Comemos a través de la piel. Así como muchas personas no quieren comer alimentos sintéticos, también hay una demanda cada vez mayor de cosmética más sana que aporte belleza y salud; una cosmética que contenga aceites esenciales tiene innumerables beneficios para la salud.

– Los pilares de su empresa son la economía humanizada y la ecología ¿Nos podría explicar el término economía humanizada?

En Alqvimia desde hace más de 25 años creemos y aplicamos los principios de otra economía. Una economía que se pone al servicio del ser humano y no el ser humano al servicio de la economía. Una economía que se preocupa de aportar felicidad y prosperidad a todos; que se basa en potenciar la economía productiva frente a la economía especulativa. Una economía que considera que el ser humano es el motor y no el capital. Esto implica un respeto total y absoluto por la naturaleza. Por lo tanto, desde esa economía, fabricamos productos con amor y consciencia sin dejar rastros de contaminación y respetando a la Madre Tierra.

–  La cosmética siempre se ha considerado algo frívolo ¿Cómo encaja la cosmética de Alqvimia en el concepto de economía humanizada?

La palabra cosmética viene de cosmos y, desde nuestro punto de vista, eso significa integración con la belleza de lo absoluto. Hay una belleza superficial, química, de camuflaje, de implantes… esa es superficial. Nuestros impulsos cosméticos se basan en la transformación alquímica de la mujer, y esa cosmética es profesional, espiritual y sagrada. Cada mujer tiene que contactar con las diosas que lleva dentro.

–   La coyuntura económica que vivimos en nuestro país no permite a muchas mujeres preocuparse por su belleza ¿Cuál es el secreto de Alqvimia para seguir en auge en estos tiempos de crisis?
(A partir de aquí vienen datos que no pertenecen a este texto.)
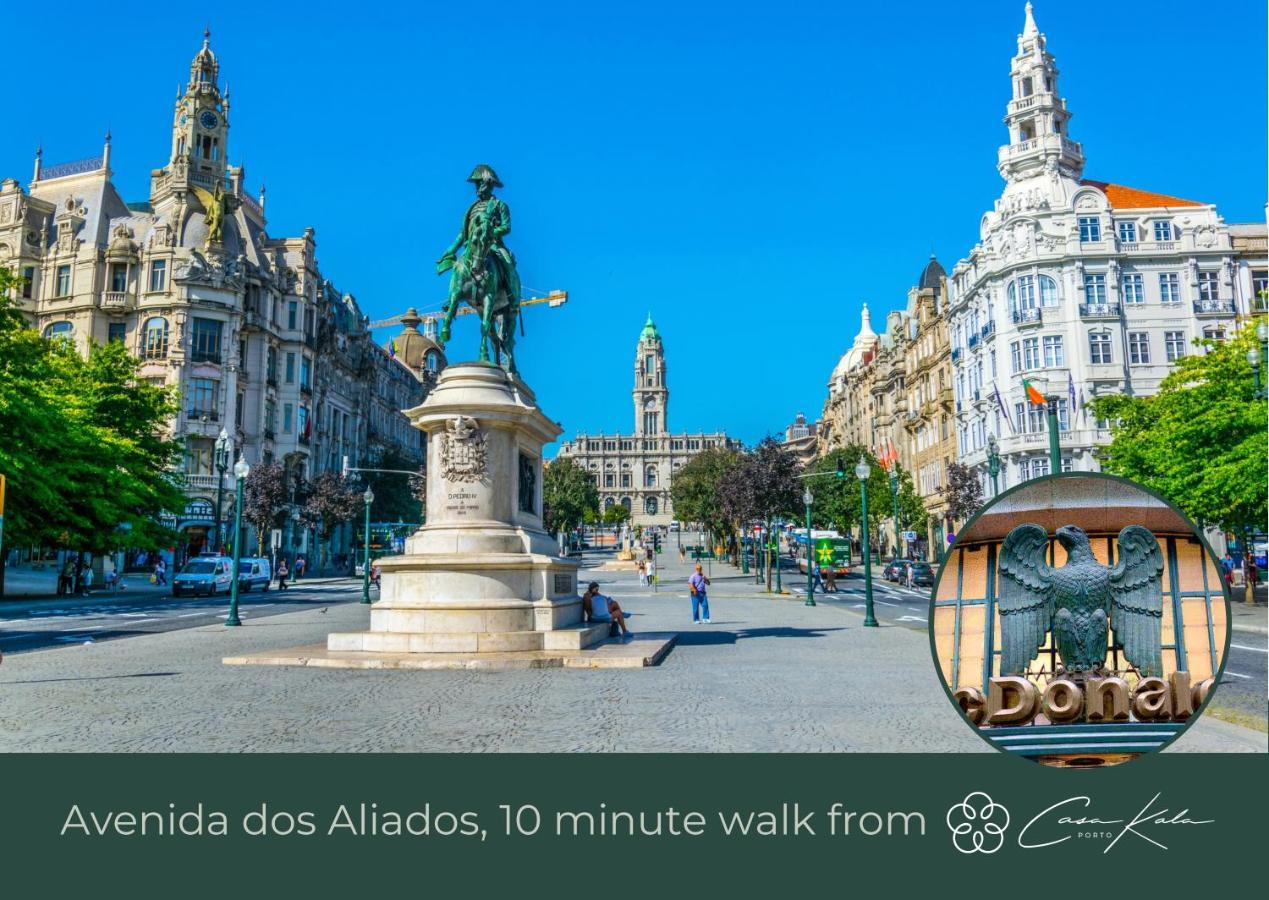 Hotel Casa Kala Porto Exteriér fotografie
Lo que está en crisis no sólo es la economía, la ecología, sino nuestra civilización. Las crisis siempre pueden tener algo constructivo. Cada vez hay más personas de todos los niveles que creen en la posibilidad de un mundo nuevo y mejor, donde se respete al ser humano y a la Tierra. Por eso cada vez hay más demanda de productos naturales auténticos, de una cosmética auténtica que aporte salud. Esa demanda es creciente como ocurre con las energías renovables, por ejemplo. La distribución de nuestra marca en la Comunidad Valenciana ha crecido más de un 30% en 2010 gracias a todo el equipo de Orient Professional, lo que prueba que para Alqvimia no hay crisis, la crisis está en la mente. Para superar la crisis debemos cambiar cosas, pero lo único que no cambia es el cambio.